Introduction

Over the last few decades the number of landslides events in the Dolomites (Italy) has increased. Among other factors, this is a consequence of more frequent extreme rainfalls and increased availability of debris material (Bernard et al. 2019; Gregoretti et al. 2019). Hence, people living in such area are exposed to serious socio-economic consequences and there is high social demand for protection.

Due to the high hydrogeological risk level—which has been exacerbated by climate change—several landslides occurred in the Boite Valley (North-Eastern Alps, the study area) and caused deaths and damage to houses and other property. In 1814, a massive debris-flow destroyed two villages, killing 257 people. In 1925, a similar event caused 288 victims and 53 people went missing. In summer 2015 intense rainfalls over a short period triggered eight events, causing significant damage to public infrastructure and three victims among tourists. More recently one victim was caused in 2017 in Cortina and other landslides took place in 2018. Hence, risk mitigation is a major component of climate change adaptation and a safety issue for local authorities.

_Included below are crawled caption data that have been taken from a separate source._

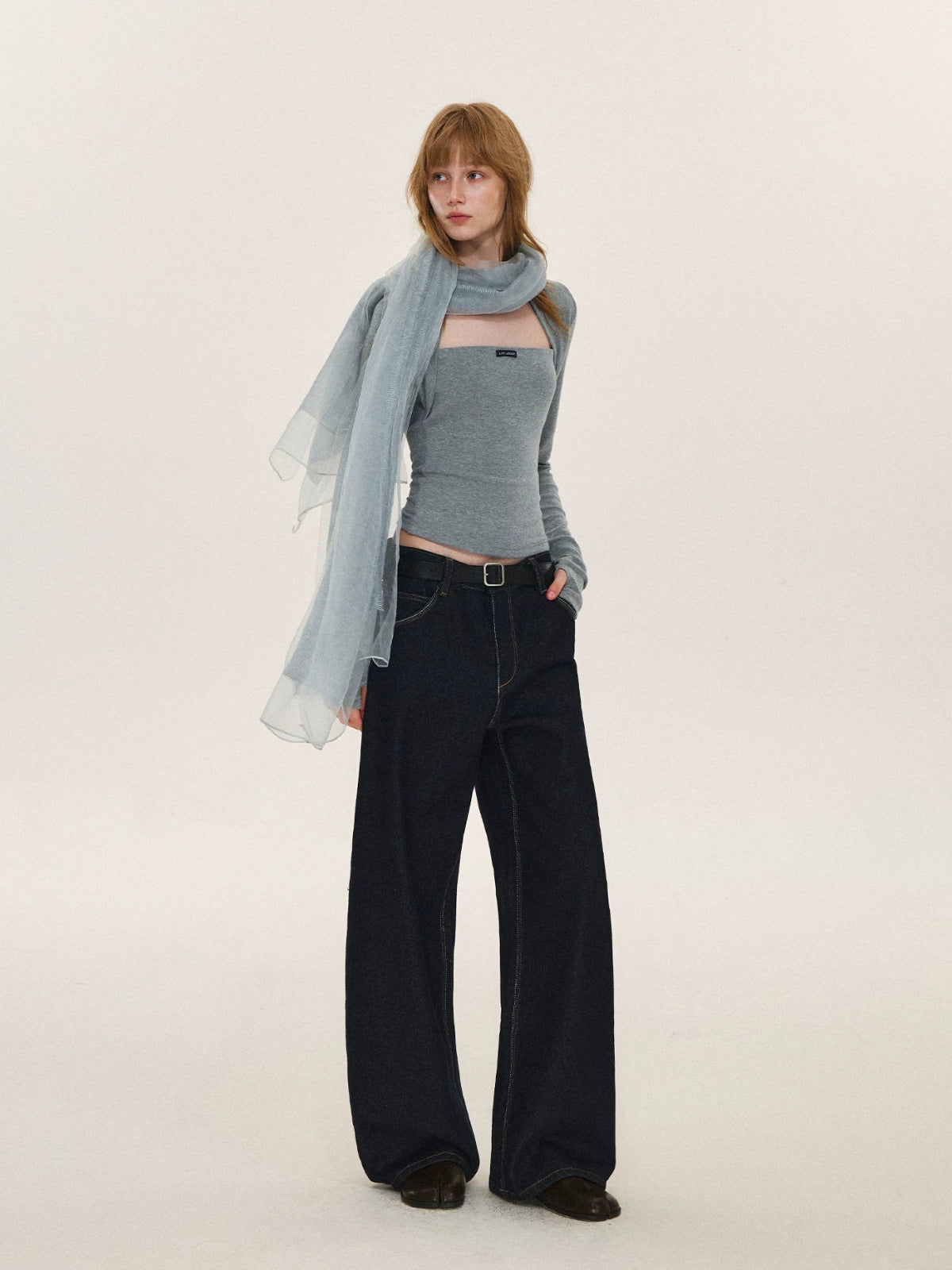 Layered Bolero Long Sleeve Top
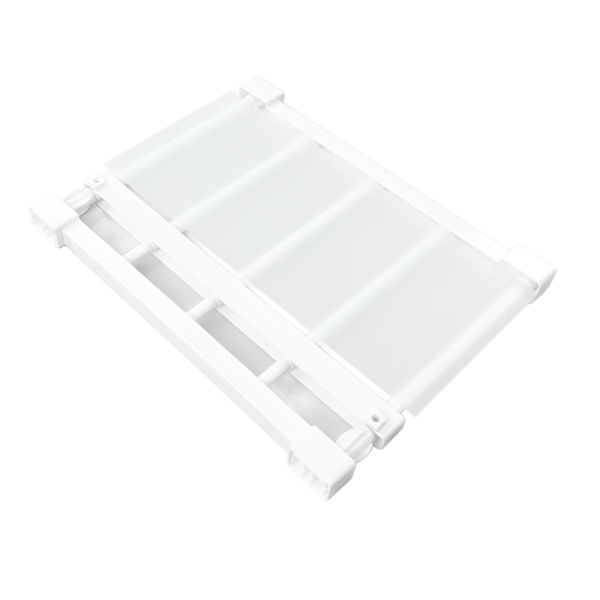Spenningsstang Hylle 14,2 Tommers Bredde Spikerfri Utvidbar Oppbevaringshylle for Skap Garderobe 38 til 55 cm / 15 til 21,7 tommer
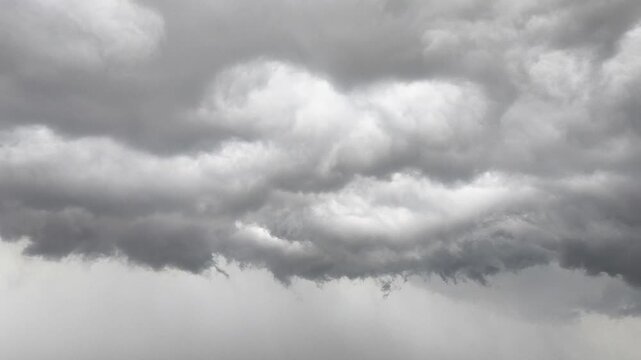Dark Storm Clouds With Flashing Lightning Bolts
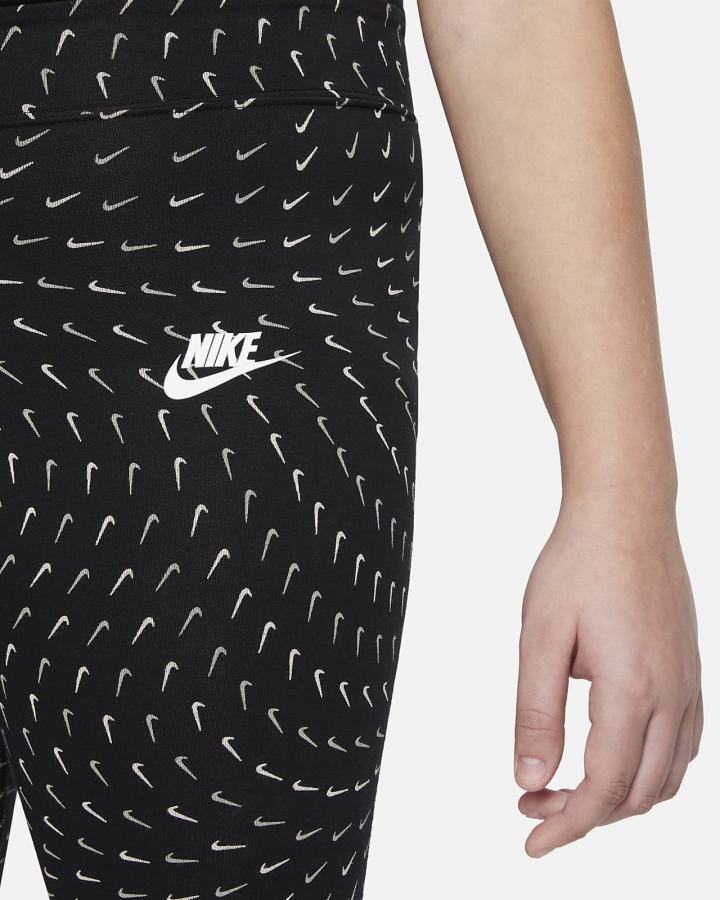 Leggins Nike Sportswear Essential Kids Printed Niña Negras Blancas | WVAHS-9504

Accounting for social preferences is crucial to inform fairly the ongoing public debate on this matter.

We report the results of an application of choice experiments (CE) in the Boite Valley aimed at estimating residents and tourists’ willingness to pay (WTP) for different safety devices. Stated preference approaches have a broad record of use in the context of natural hazards, such as in floods (e.g. Brouwer and Schaafsma 2013; Ryffel et al. 2014; Arora et al. 2019), avalanches (e.g. Leiter and Pruckner 2009; Haegeli and Strong-Cvetich 2018), wildfires (e.g. Wibbenmeyer et al. 2013; Holmes et al. 2013) and landslides (Flügel et al. 2015; Thiene et al. 2017).

We also analyse the extent to which information (through simulations of possible events) affects respondents’ stated preferences. Estimates of welfare measures have, in fact, been shown to be impacted by information provided to survey respondents (e.g. Aoki et al. 2019). Finally, we mapped average values of marginal WTP estimates at the individual level within each municipality. This approach roots on the increasing evidence that benefits from public goods are spatially heterogeneous (Campbell et al. 2008; De Valck et al. 2017; Sagebiel et al. 2017).

The remainder of this paper is organised in four sections. Section 2 describes data collection and Sect. 3 outlines the econometric approach adopted for the study. Section 4 reports the results. Finally, the conclusions are drawn in Sect. 5 along with the policy implications for landslide risk mitigation in the Boite Valley.

Survey Design and Data Collection

This section describes survey design and sampling procedure. More details can be found in Mattea et al. (2016).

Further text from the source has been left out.